Most probably not - with an evaluator that gave a much higher weight to correctness, I could have very likely achieved better results on that metric.

Final Thoughts

Having run a set of experiments across trading, SQL optimisation, and datascience, I’ve come to think of OpenEvolve and AlphaEvolve as a highly refined “goal seek” tool. While on the one hand they feel strongly rooted in brute-force, on the other - they add a sophisticated layer of context-aware evolution, so there’s a method to the madness.

❌ What doesn’t work:

Hyper parameter tuning - Don’t treat the LLM as a parameter tuner. That’s a waste of precious tokens, and time. Use it to refine your algorithm, and then generate a script to run a parameter tuning batch for your algorithm.
Multi-file codebase improvements - Owing to the system design and context management constraints, this works best on tightly scoped use cases.
More LLMs doesn’t necessarily yield better results. Adding a third LLM - Claude Opus 4.0 - didn’t move the needle. However this could vary from case to case.
More iteration doesn’t necessarily result in better results. My experiments capped off with their best results at ~50 iterations, and showed no improvement even until 300 iterations.

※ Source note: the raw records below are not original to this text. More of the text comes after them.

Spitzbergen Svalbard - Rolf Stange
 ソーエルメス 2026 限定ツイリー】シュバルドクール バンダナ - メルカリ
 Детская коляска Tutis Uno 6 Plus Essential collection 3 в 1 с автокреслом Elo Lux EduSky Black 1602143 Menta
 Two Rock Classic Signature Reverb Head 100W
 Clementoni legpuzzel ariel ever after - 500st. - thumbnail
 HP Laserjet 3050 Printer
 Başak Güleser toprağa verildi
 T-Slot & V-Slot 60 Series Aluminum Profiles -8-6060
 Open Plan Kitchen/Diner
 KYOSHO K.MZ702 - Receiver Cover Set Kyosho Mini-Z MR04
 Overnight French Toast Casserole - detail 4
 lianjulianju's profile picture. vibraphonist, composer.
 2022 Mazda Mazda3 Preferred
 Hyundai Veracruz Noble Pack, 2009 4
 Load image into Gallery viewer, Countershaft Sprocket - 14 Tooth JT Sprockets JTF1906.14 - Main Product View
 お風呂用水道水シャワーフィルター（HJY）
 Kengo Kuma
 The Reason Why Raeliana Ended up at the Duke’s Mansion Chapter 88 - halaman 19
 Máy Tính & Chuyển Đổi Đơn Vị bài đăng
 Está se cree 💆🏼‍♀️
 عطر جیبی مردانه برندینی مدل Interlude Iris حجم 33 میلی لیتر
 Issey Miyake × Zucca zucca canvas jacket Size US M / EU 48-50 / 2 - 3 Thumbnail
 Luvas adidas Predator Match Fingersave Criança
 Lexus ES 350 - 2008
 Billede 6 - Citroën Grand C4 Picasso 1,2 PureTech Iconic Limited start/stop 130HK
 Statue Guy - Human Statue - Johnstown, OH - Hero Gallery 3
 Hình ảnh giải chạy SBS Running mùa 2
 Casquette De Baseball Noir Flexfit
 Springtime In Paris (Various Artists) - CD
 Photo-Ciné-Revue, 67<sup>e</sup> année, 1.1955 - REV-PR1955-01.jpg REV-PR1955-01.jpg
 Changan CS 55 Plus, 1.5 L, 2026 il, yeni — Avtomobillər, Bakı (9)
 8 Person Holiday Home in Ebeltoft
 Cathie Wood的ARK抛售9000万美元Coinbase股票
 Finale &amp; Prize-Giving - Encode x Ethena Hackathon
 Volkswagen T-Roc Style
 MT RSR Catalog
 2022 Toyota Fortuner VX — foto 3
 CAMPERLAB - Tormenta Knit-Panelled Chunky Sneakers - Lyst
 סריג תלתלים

Eventually, every experiment hits a wall where more iteration stops being insightful and yields diminishing returns. When that happens, either switch up your evaluation strategy, or call it quits. Otherwise, you’re just lighting stacks of dollars on fire and gently roasting the planet for no good reason.

✅ What works:

OpenEvolve works great on improving your algorithm through incremental improvements
Focused tasks such as optimizing a single strategy works well
Adding an LLM (gemini-2.5-flash) to the mix showed some improvement in the metrics
Better system prompting + evaluators → naturally yield better results. Garbage in, gourmet out? Sorry, this isn’t MasterChef’s AI Edition.

From a cost standpoint - this tool is highly worth the token costs. For all of my experiments, lasting a few days and 1000’s of iterations, my cost across OpenAI, Anthropic, and Gemini was < $50. That’s literally thousands of dollars of mind numbing manual work delegated at a low cost.